وَلْيَسْتَعْفِفِ الَّذِينَ لَا يَجِدُونَ نِكَاحًا حَتَّىٰ يُغْنِيَهُمُ اللَّهُ مِنْ فَضْلِهِ
"Dan orang-orang yang tidak mampu kawin hendaklah menjaga kesucian (diri)nya, sehingga Allah memampukan mereka dengan karunia-Nya."(QS. An-Nur: 33).
Kedua, tidak lebih dari empat orang istri. Hal ini sebagaimana penegasan surat an-Nisa' ayat 3:
وَإِنْ خِفْتُمْ أَلَّا تُقْسِطُوا فِي الْيَتَامَىٰ فَانْكِحُوا مَا طَابَ لَكُمْ مِنَ النِّسَاءِ مَثْنَىٰ وَثُلَاثَ وَرُبَاعَ
"Dan jika kamu takut tidak akan dapat berlaku adil terhadap (hak-hak) perempuan yang yatim (bilamana kamu mengawininya), maka kawinilah wanita-wanita (lain) yang kamu senangi : dua, tiga atau empat. … (QS An-Nisa’: 3)
Ketiga, dapat berlaku adil. Dasar penetapan syarat ini, selain QS An-Nisa’ ayat 3 dan 129, juga berdasarkan hadits berikut:
عَنْ أَبِي هُرَيْرَةَ رَضِيَ الله عَنْهُ عَنِ النَّبِيِّ صَلَّى اللَّهُ عَلَيْهِ وَسَلَّمَ قَالَ: مَنْ كَانَتْ لَهُ امْرَأَتَانِ فَمَالَ إِلَى إِحْدَاهُمَا جَاءَ يَوْمَ الْقِيَامَةِ وَشِقُّهُ مَائِلٌ
Dari Abu Hurairah: Nabi SAW bersabda: “Barang siapa yang memiliki dua orang istri dan dia lebih condong kepada salah seorang di antara mereka maka dia akan datang pada hari kiamat dalam keadaan salah satu sisinya miring.” (HR Nasa’i dan Hakim)
Sedangkan maksud adil dalam syarat ini adalah adil dalam pembagian nafkah. Di dalam al-Mausu’ah al-Fiqhiyyah al-Kuwaitiyyah, dijelaskan maksud adil dalam sistem poligami. Menyamakan hak-hak para istri dalam masalah qasam (keempat tinggal serumah), nafkah, dan kiswah (pakaian).

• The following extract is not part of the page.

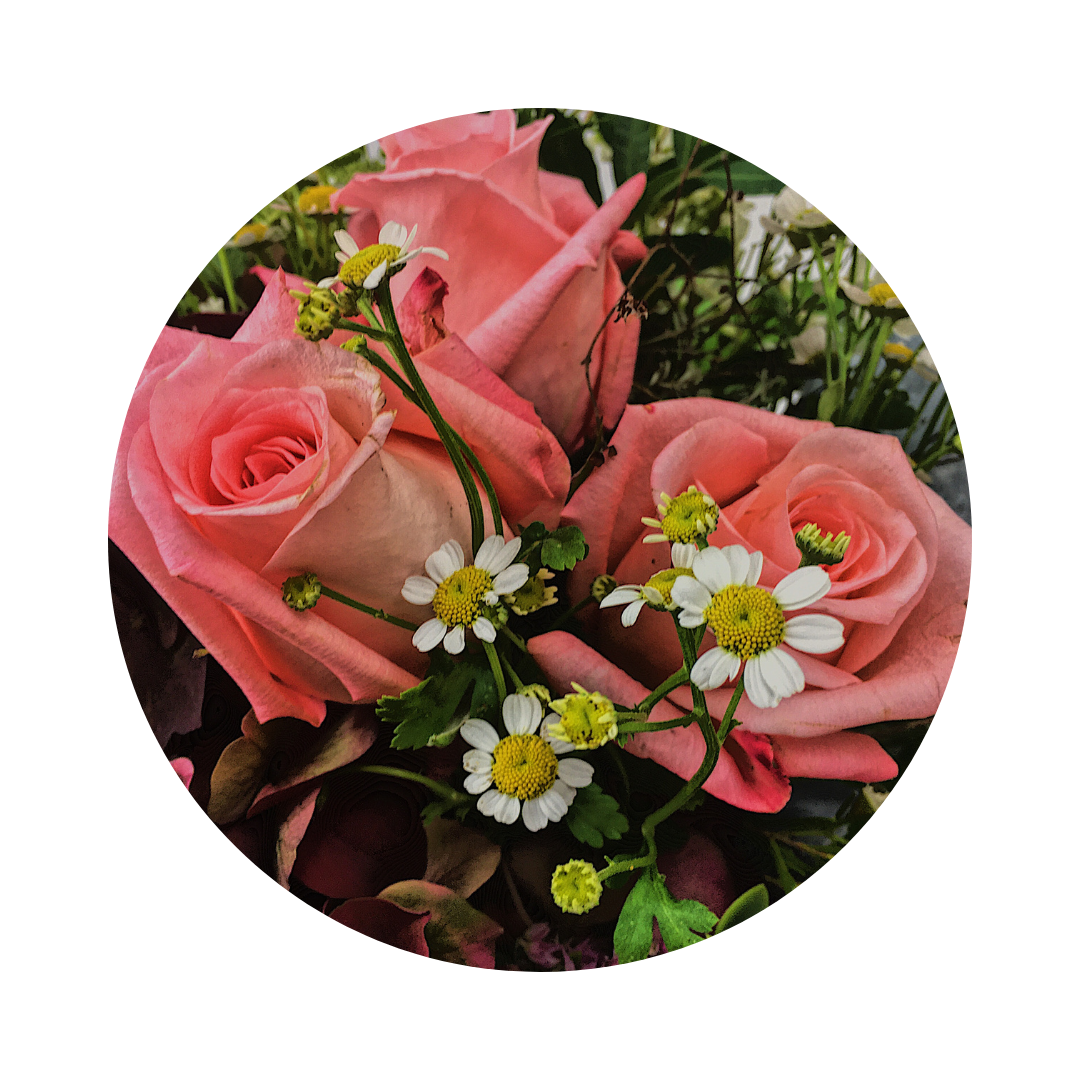 Blumenstrauß Rosalie Leuben. Detailbild.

Di samping ketiga syarat di atas yang juga diakui dan diadopsi di dalam Kompilasi Hukum Islam yang berlaku di NKRI, pemangku kebijakan di negeri ini juga menambahkan dua syarat lainnya yang bersifat perdata. Yaitu izin tertulis dari pengadilan agama dan persetujuan tertulis dari istri.